Et ces défis humanitaires, ils sont nombreux. Aujourd’hui, des dizaines de milliers de personnes vulnérables à travers le monde se déplacent en quête de sécurité et de dignité. Cette Conférence attirera l’attention sur la vulnérabilité des migrants et des réfugiés et nous rappellera à tous les engagements que nous avons pris la dernière fois que nous nous sommes réunis, notamment celui de garantir aux Sociétés nationales un accès réel et sûr à tous les migrants, quel que soit leur statut juridique.

Notre but est la résilience, mais en aucun cas la tolérance face aux violations des droits et des principes, qui deviennent toujours plus fréquentes.

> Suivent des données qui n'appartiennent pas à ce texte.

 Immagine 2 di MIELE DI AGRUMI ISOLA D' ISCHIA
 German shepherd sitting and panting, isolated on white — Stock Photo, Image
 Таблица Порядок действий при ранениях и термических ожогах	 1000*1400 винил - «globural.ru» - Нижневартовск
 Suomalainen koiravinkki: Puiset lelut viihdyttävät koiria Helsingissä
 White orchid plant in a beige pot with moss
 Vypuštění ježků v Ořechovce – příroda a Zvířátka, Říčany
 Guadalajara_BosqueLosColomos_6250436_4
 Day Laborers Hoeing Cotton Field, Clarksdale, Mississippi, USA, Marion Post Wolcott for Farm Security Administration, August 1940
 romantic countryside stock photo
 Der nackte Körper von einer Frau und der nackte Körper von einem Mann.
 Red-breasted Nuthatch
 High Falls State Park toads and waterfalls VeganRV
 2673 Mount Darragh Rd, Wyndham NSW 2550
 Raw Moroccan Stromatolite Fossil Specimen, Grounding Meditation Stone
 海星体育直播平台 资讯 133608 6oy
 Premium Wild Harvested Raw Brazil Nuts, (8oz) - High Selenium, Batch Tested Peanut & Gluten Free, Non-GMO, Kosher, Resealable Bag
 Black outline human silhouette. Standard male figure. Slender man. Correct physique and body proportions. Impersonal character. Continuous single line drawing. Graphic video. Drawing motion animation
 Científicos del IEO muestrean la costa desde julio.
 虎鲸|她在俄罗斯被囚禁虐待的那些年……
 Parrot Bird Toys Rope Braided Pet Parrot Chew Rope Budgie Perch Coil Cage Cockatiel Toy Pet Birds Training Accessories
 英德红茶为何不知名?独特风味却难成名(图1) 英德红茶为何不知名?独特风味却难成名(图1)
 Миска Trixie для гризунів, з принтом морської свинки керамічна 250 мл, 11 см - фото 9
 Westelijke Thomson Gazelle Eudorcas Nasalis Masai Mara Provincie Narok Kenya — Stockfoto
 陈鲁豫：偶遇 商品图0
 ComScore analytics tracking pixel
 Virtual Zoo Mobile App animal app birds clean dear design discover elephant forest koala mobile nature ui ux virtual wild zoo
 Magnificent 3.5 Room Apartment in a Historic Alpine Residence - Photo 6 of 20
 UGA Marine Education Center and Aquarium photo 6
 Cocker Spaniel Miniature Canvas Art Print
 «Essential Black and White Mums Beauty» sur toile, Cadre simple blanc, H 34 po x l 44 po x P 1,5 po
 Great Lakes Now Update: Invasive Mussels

Ces prochains jours, les États auront une occasion exceptionnelle de renforcer le cadre normatif du droit international humanitaire en adoptant un mécanisme de respect des normes.

Chères délégations,

Cette Conférence joue un rôle crucial dans le dialogue plus large mené sur la nature, les objectifs et l’avenir de l’assistance humanitaire. Les décisions que vous avez devant vous prennent appui sur le travail impressionnant accompli durant la Conférence mondiale de Sendai sur la réduction des risques de catastrophe, et sur les objectifs de développement durable. J’espère que, pendant que nous sommes réunis ici à Genève, nos collègues à Paris prendront un nouvel engagement en matière de lutte contre les changements climatiques, un engagement qui repose largement sur des mesures visant à donner aux communautés les ressources et les moyens nécessaires pour faire face aux conséquences des changements climatiques.

Enfin, le Mouvement se félicite de l’occasion offerte par le Sommet humanitaire mondial, qui se tiendra à Istanbul, de poursuivre ce dialogue. La dignité, la sécurité, la résilience, les partenariats et le financement, qui seront les principaux sujets du Sommet, jouent un rôle essentiel dans l’ensemble de nos activités. Le Conseil des Délégués a adopté un message au Sommet humanitaire mondial, dont les États ont été invités à prendre connaissance. Nous espérons que des recommandations concrètes seront formulées et que des engagements seront pris en Turquie pour soutenir et faire avancer nos efforts collectifs en matière de renforcement de la résilience.

Je vous remercie une fois encore de nous avoir rejoints ici cette semaine. Dialoguez avec nous, engagez-vous avec nous, mettez-nous à l’épreuve et aidez-nous à préserver l’essentiel pour nous tous : notre humanité en action.

Merci.

 

[1] https://www.icrc.org/fr/document/peter-maurer-appelle-les-etats-respecter-le-droit-de-la-guerre

[2] Rapport sur les catastrophes dans le monde 2015.